### TASK ITEM
Starting at the line that contains "WOTEGA Shorts WOTEGA", write out each line exactly through the last one in the material below, and nothing more; omit all pictures.

### SOURCE MATERIAL

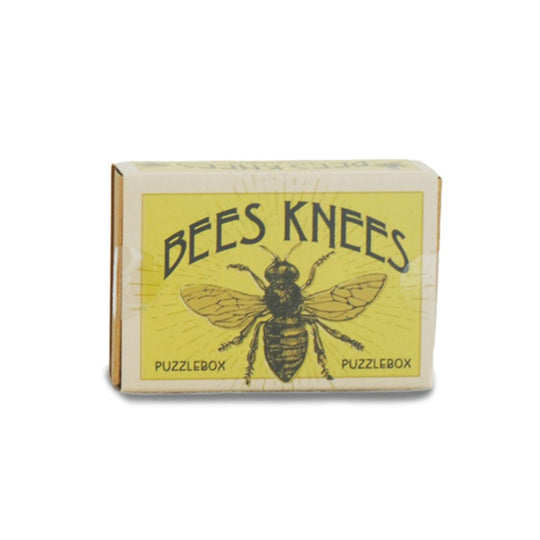 Project Genius 3D Matchbox Puzzle - Bees Knees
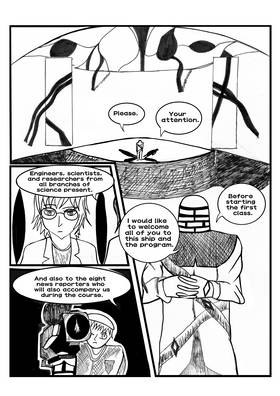 Read The weight of the universe  4 Page 8 in English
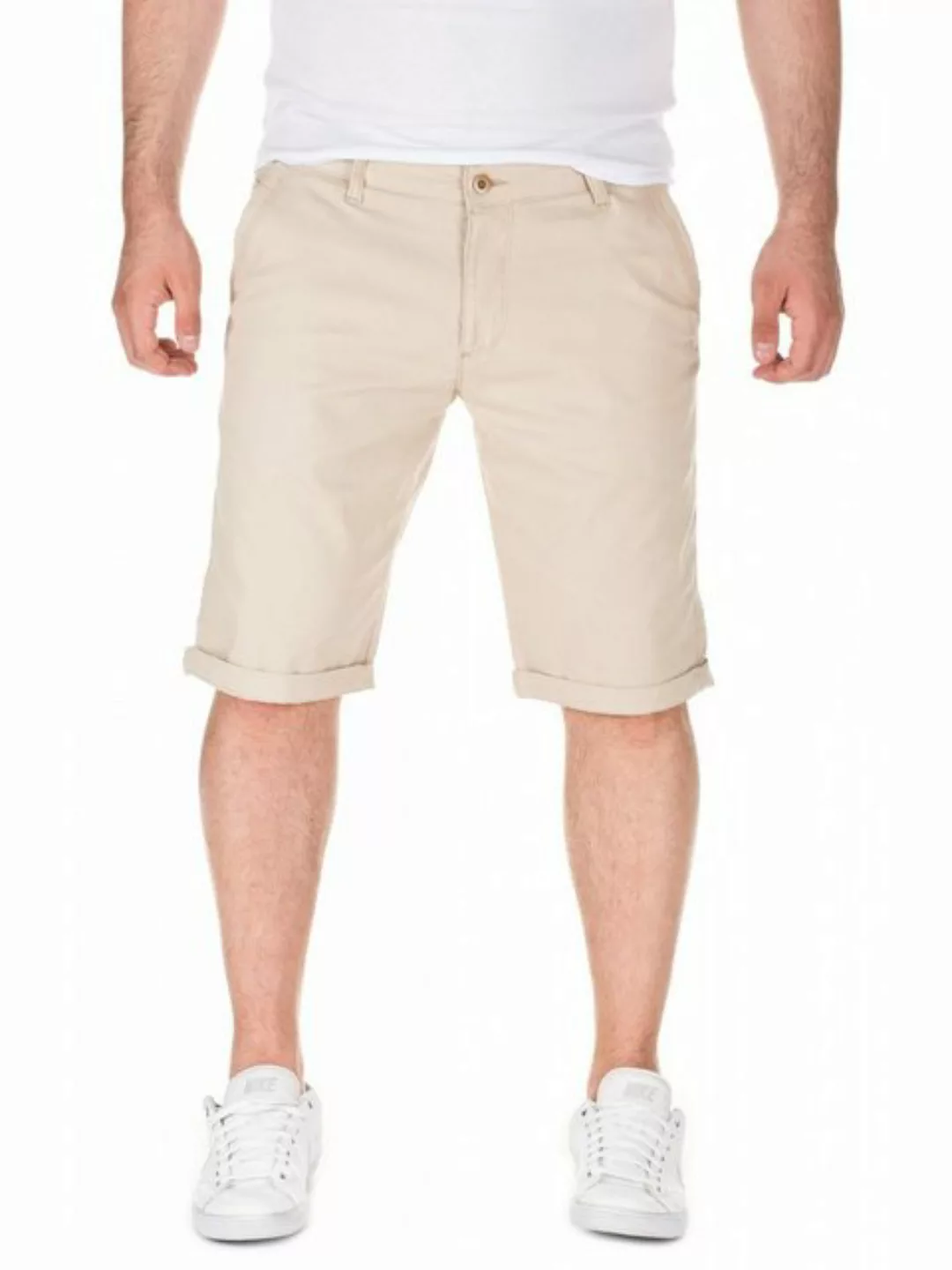 WOTEGA Shorts WOTEGA - Chino shorts Alex in Unifarbe günstig online kaufen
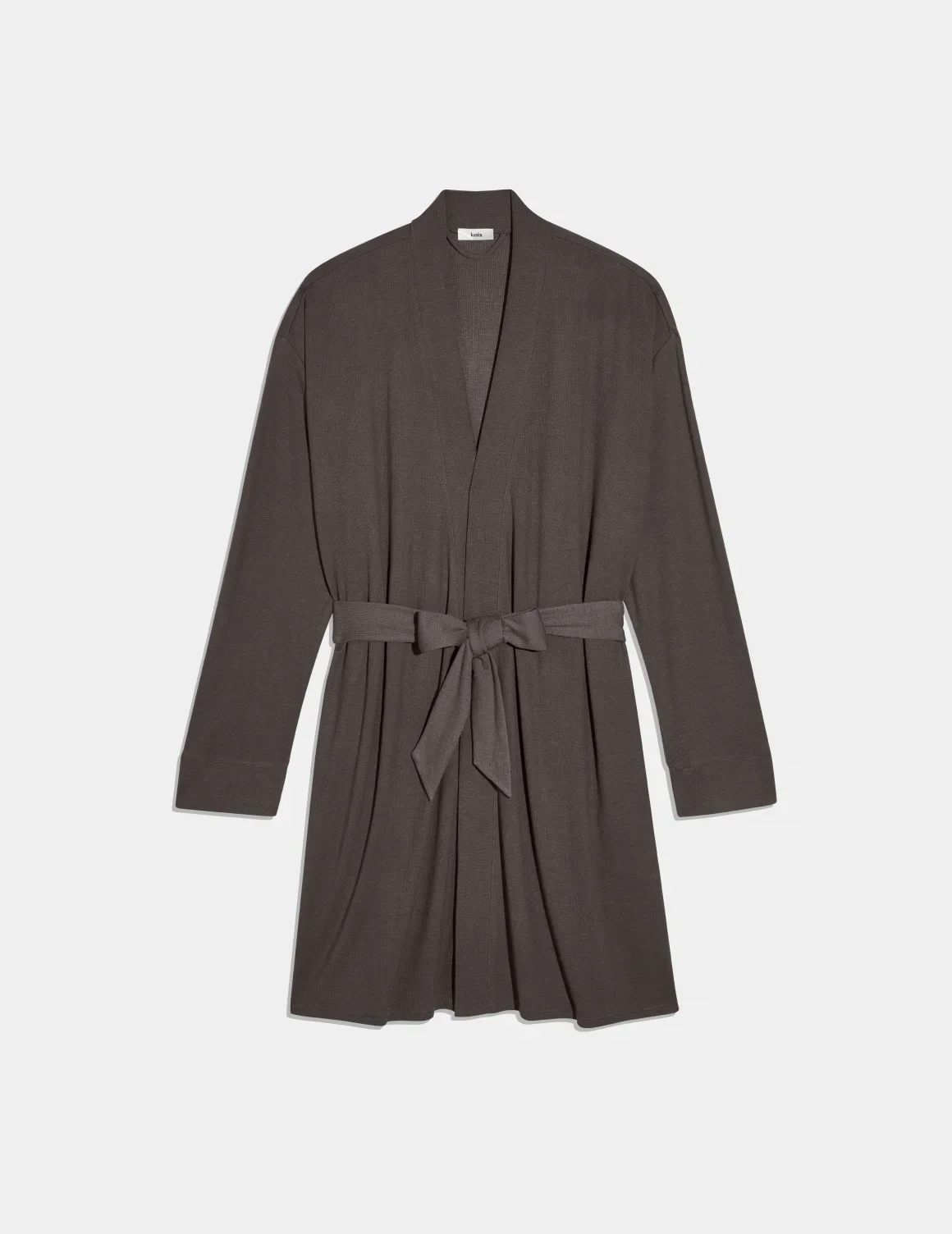 Modal Rib Robe - Last Call - Image 3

### ANSWER TO THE EXERCISE
 WOTEGA Shorts WOTEGA - Chino shorts Alex in Unifarbe günstig online kaufen
 Modal Rib Robe - Last Call - Image 3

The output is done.